An unchanged copy of each entry below is needed; keep the pictures out of it.

════════════════════

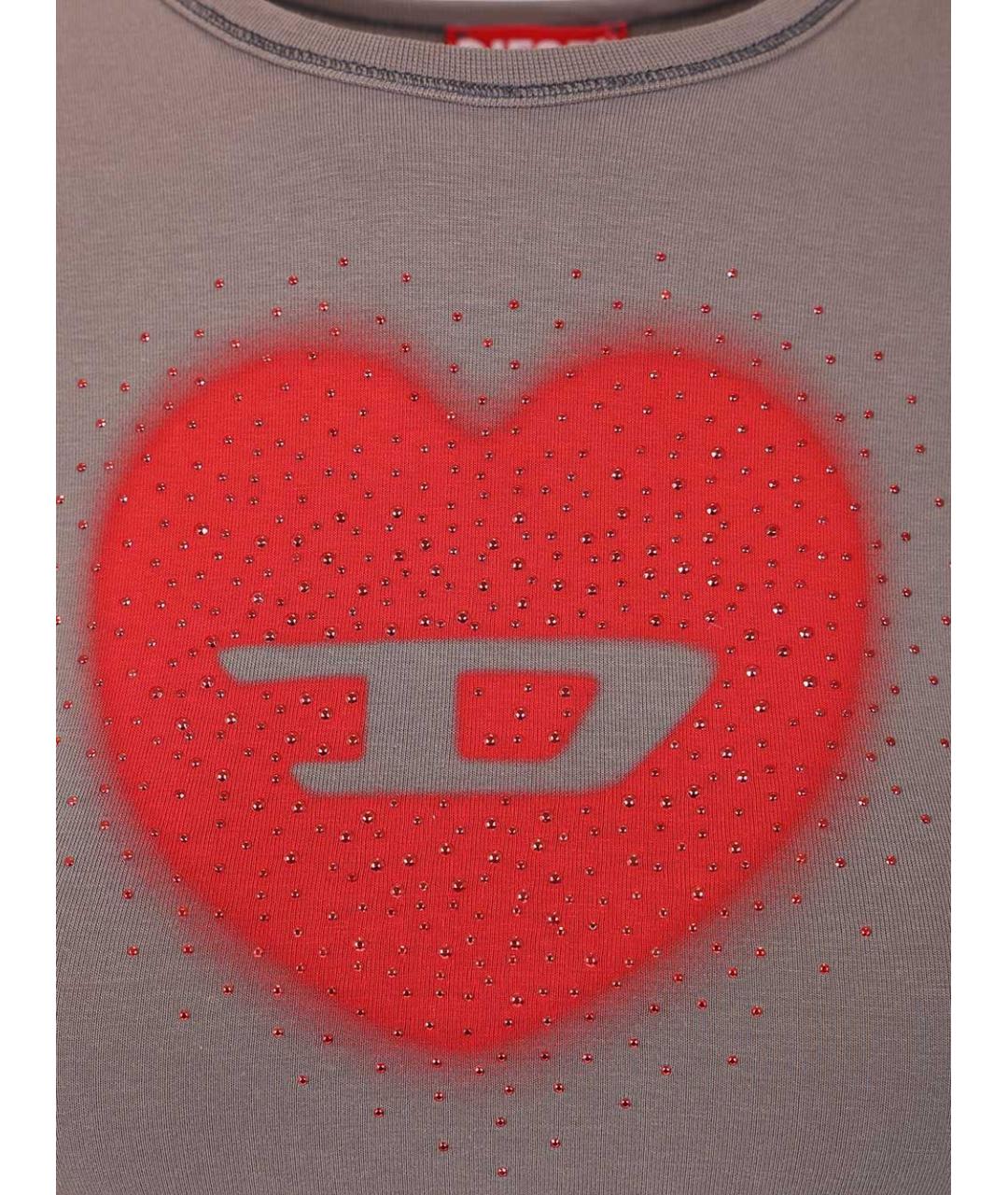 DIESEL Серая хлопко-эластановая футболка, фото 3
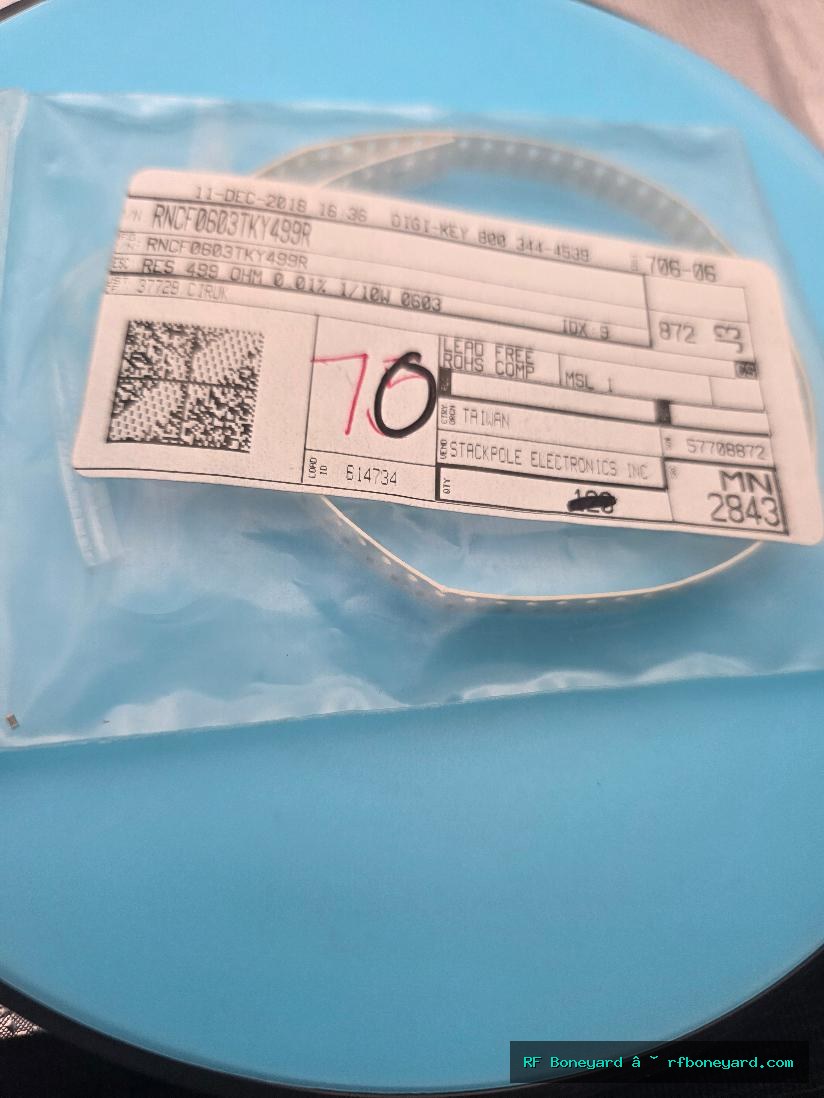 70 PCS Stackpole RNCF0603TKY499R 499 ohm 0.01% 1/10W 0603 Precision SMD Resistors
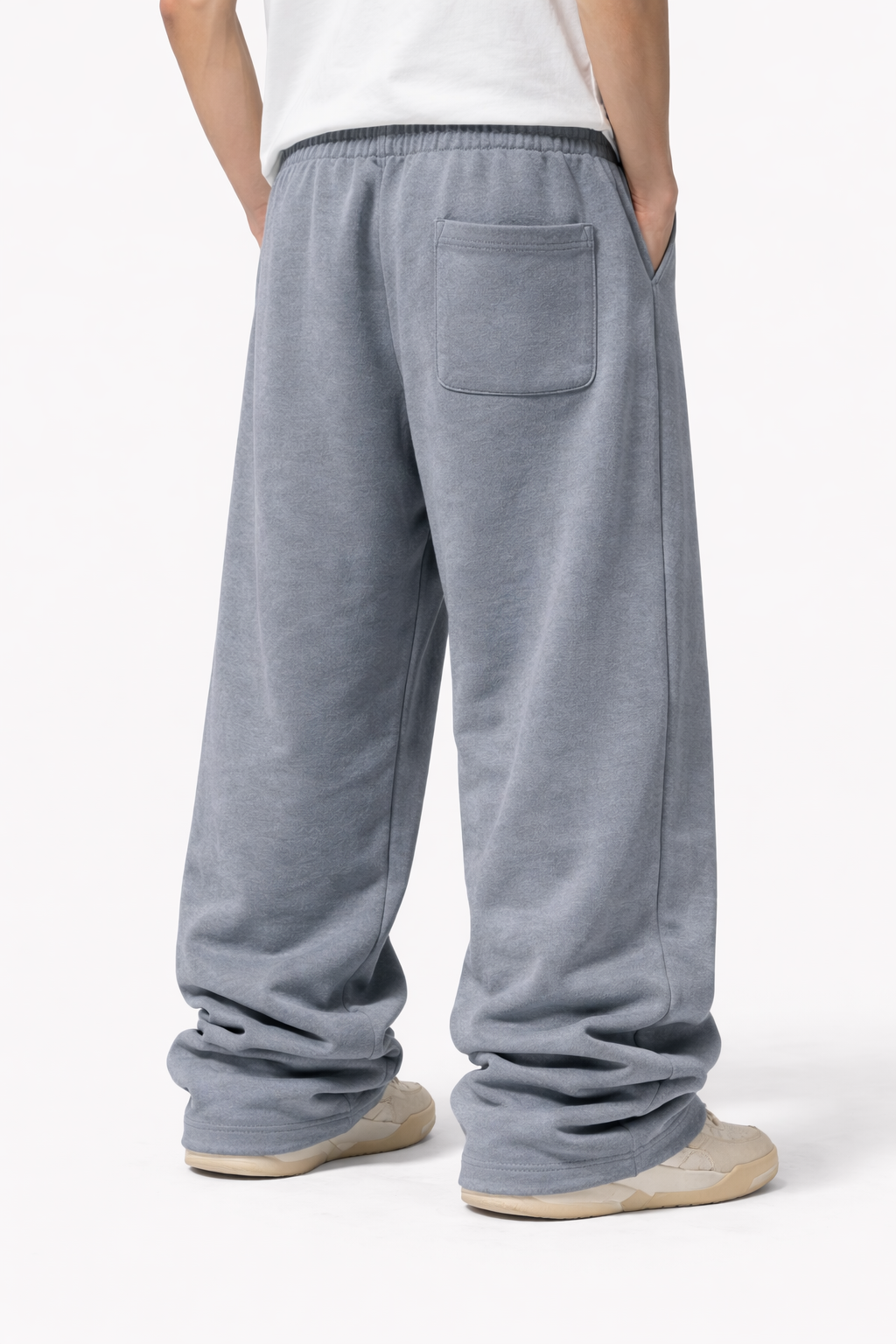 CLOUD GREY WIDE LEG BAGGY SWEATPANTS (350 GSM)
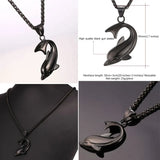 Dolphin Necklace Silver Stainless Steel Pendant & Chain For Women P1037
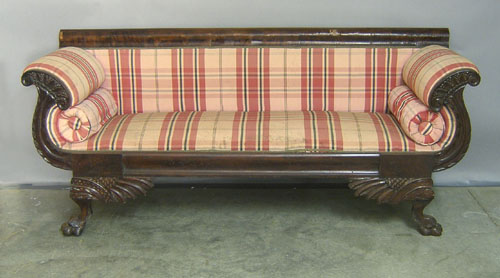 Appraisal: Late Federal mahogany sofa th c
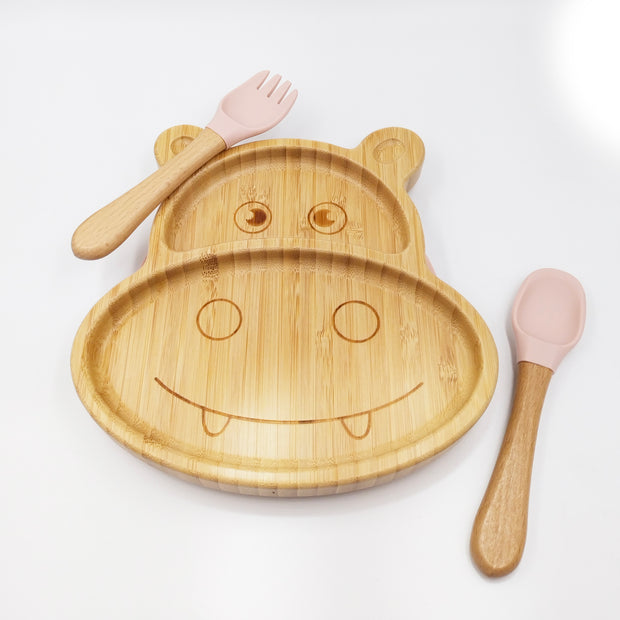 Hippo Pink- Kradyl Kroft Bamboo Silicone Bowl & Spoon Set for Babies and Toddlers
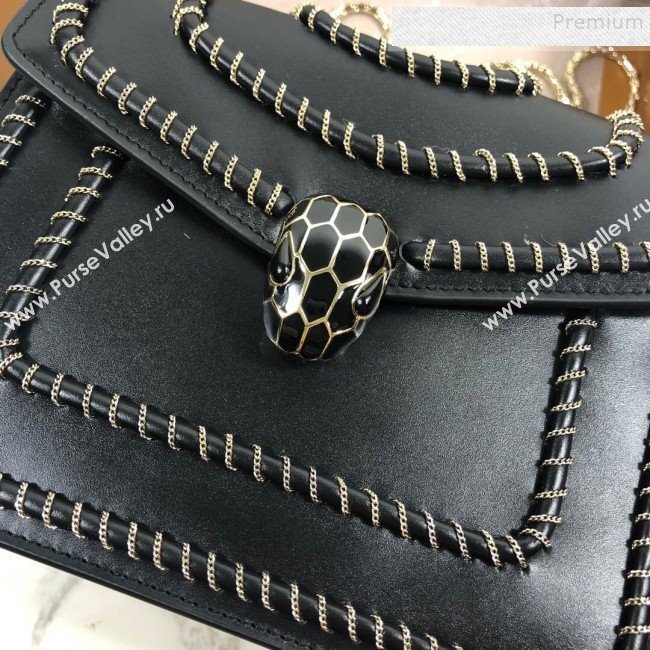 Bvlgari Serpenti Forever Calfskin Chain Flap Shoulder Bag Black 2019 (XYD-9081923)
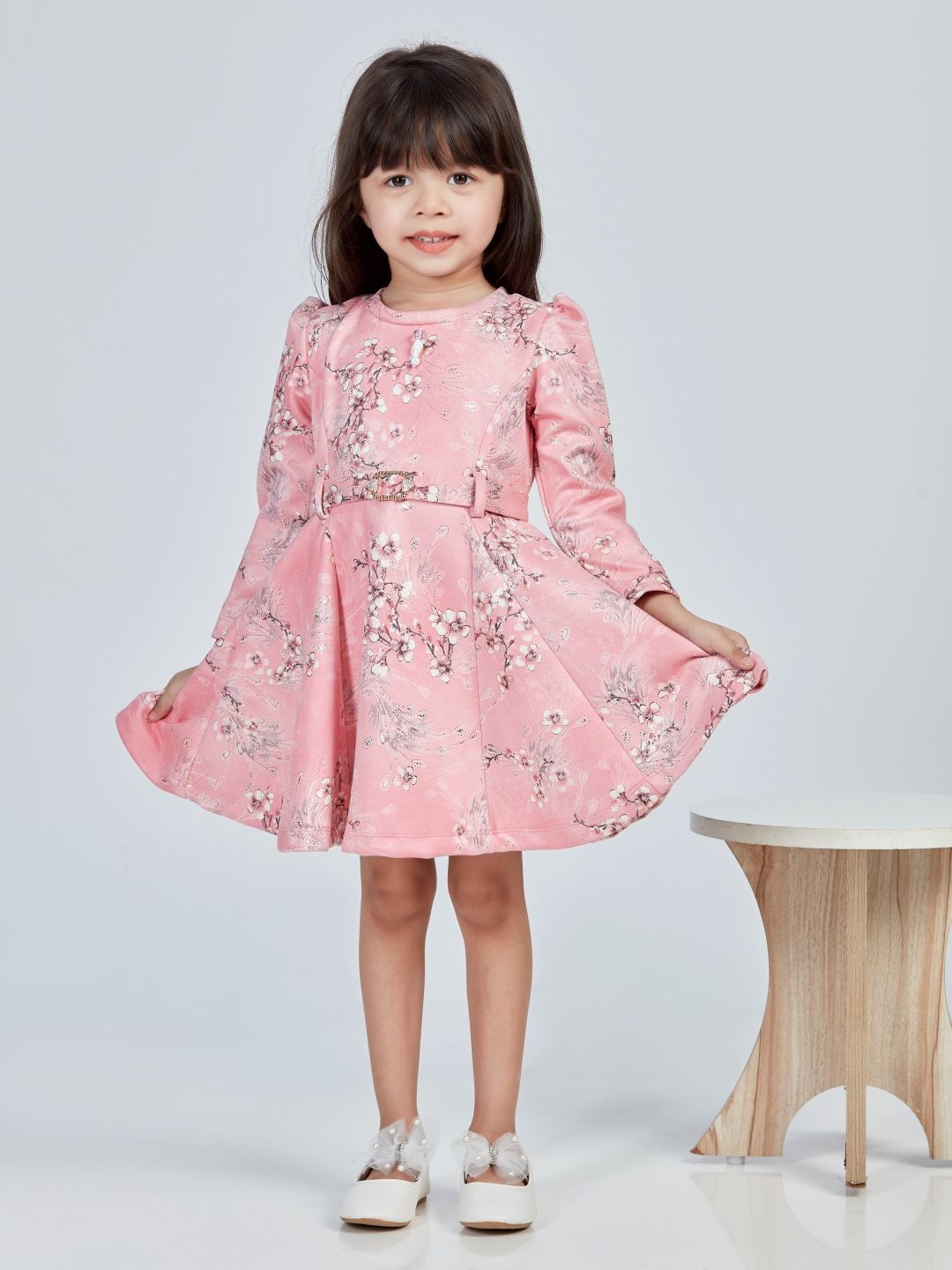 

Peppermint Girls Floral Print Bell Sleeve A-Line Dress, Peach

════════════════════

§ Expected output
 DIESEL Серая хлопко-эластановая футболка, фото 3
 70 PCS Stackpole RNCF0603TKY499R 499 ohm 0.01% 1/10W 0603 Precision SMD Resistors
 CLOUD GREY WIDE LEG BAGGY SWEATPANTS (350 GSM)
 Dolphin Necklace Silver Stainless Steel Pendant & Chain For Women P1037
 Appraisal: Late Federal mahogany sofa th c
 Hippo Pink- Kradyl Kroft Bamboo Silicone Bowl & Spoon Set for Babies and Toddlers
 Bvlgari Serpenti Forever Calfskin Chain Flap Shoulder Bag Black 2019 (XYD-9081923)

Peppermint Girls Floral Print Bell Sleeve A-Line Dress, Peach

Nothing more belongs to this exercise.